Thread: Strange slow database

Strange slow database

From
David Mitchell
Date:
Hi all,

Recently our databases started to experience a significant slowdown.
Queries that were taking 500ms now take up to 20 seconds. An insert can
take 150ms or more. This is strange since we are still hitting indexes
and we vacuum regularly. Here is the description of our system:

A single server has a medium size database with around 30-40 tables.
Some tables have ~1000 rows. These tables tend to have lots of inserts
and deletes, so we vacuum them regularly (every ten minutes). One table
has 15 million rows, but it only every has inserts, never updated or
deleted, so this table never gets vacuumed. Vacuuming is very low impact:

vacuum_cost_delay = 50
vacuum_cost_limit = 100

We have fsync = true and max_connections = 150. There are 12 servers
each with the same schema and config, but different data (although the
number of rows in the tables are very similar). We assign users to a
server when we set them up so all the data for a ser is on one server.
This whole setup typically works well and is speedy, we have checked all
the indexes and they are hit when appropriate.

The table with 15million is the table on which inserts can take 150ms or
more (I've seen 800ms for a single insert before).

Strangely, this slowdown is on all 12 servers. Perhaps this is a
configuration issue? If anyone has any ideas we'd love to hear them.
Since we vacuum regularly and all the indexes get hit I don't know where
to go next.

Machines are Pentium 4 3.2Ghz running Linux kernel 2.6.10. Postgres
version 8.0.1. Machines have 2Gb ram and two 10k RPM disks in a RAID-0
configuration.

Regards
--
David Mitchell
Software Engineer
Telogis

Re: Strange slow database

From
Andrew Sullivan
Date:
On Fri, Nov 18, 2005 at 10:05:47AM +1300, David Mitchell wrote:
> Strangely, this slowdown is on all 12 servers. Perhaps this is a
> configuration issue? If anyone has any ideas we'd love to hear them.

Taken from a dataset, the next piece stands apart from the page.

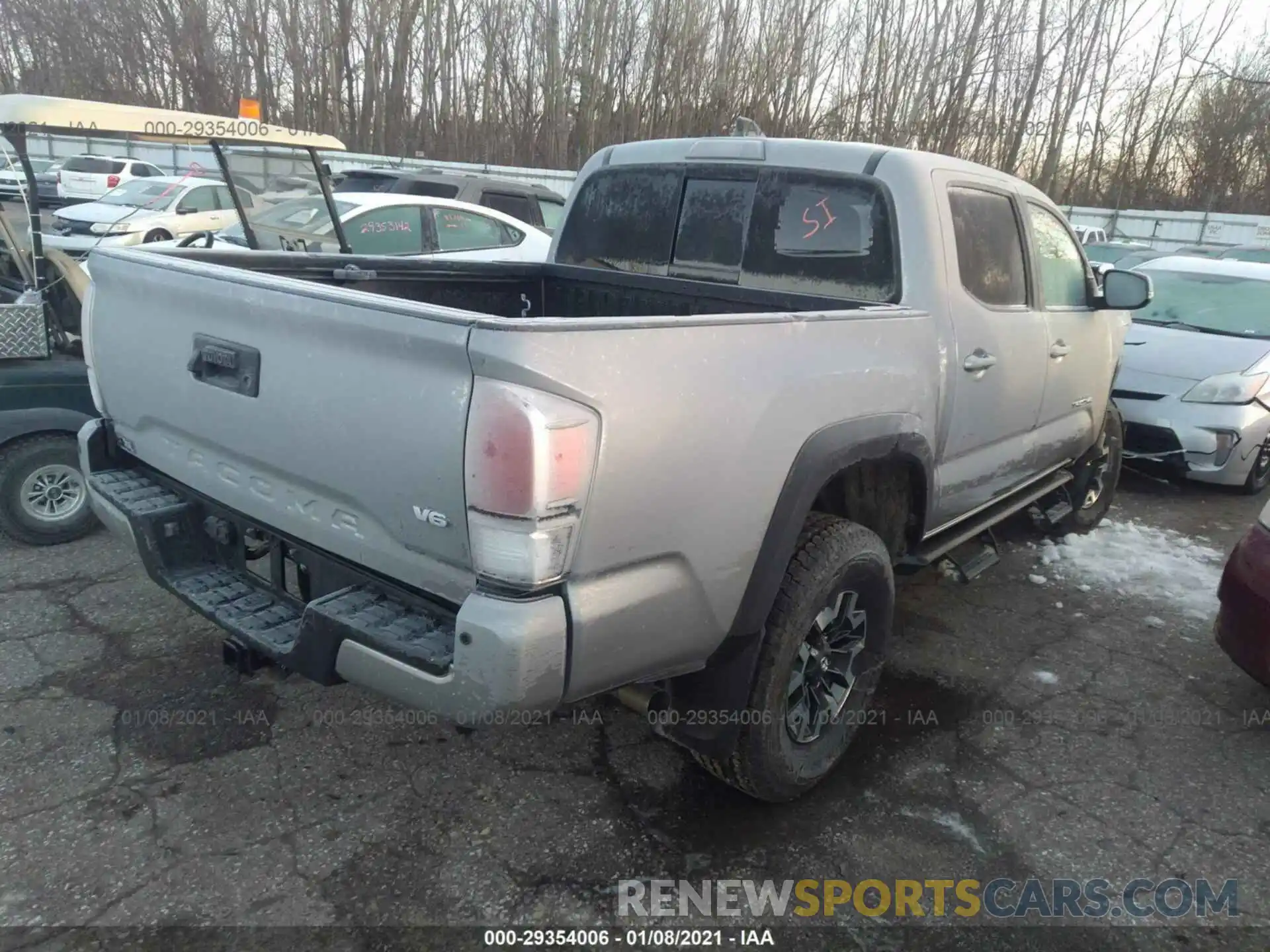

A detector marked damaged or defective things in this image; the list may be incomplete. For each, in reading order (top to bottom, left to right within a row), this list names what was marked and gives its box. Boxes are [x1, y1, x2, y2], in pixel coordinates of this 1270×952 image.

damaged taillight [466, 378, 601, 587]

It sounds like a use-pattern issue.  Did something in your use
change?  Any time you get repeatable change like that, look for the
common changed factor.

A

--
Andrew Sullivan  | ajs@crankycanuck.ca
When my information changes, I alter my conclusions.  What do you do sir?
        --attr. John Maynard Keynes

Re: Strange slow database

From
Tom Lane
Date:
David Mitchell <david.mitchell@telogis.com> writes:
> Recently our databases started to experience a significant slowdown.
> Queries that were taking 500ms now take up to 20 seconds. An insert can
> take 150ms or more. This is strange since we are still hitting indexes
> and we vacuum regularly. Here is the description of our system:

Have you checked to see whether you are encountering table or index
bloat?  Your vacuuming policy doesn't sound unreasonable on its face,
but there's no substitute for actually looking at physical file sizes
when you aren't sure what's wrong.  Try doing a pg_dump and reload into
a virgin database, then compare file sizes with the original
table-by-table to see if anything is drastically out of line.
Don't forget to look at the system catalogs too.

            regards, tom lane

Re: Strange slow database

From
David Mitchell
Date:
Tom Lane wrote:
> Have you checked to see whether you are encountering table or index
> bloat?  Your vacuuming policy doesn't sound unreasonable on its face,
> but there's no substitute for actually looking at physical file sizes
> when you aren't sure what's wrong.  Try doing a pg_dump and reload into
> a virgin database, then compare file sizes with the original
> table-by-table to see if anything is drastically out of line.
> Don't forget to look at the system catalogs too.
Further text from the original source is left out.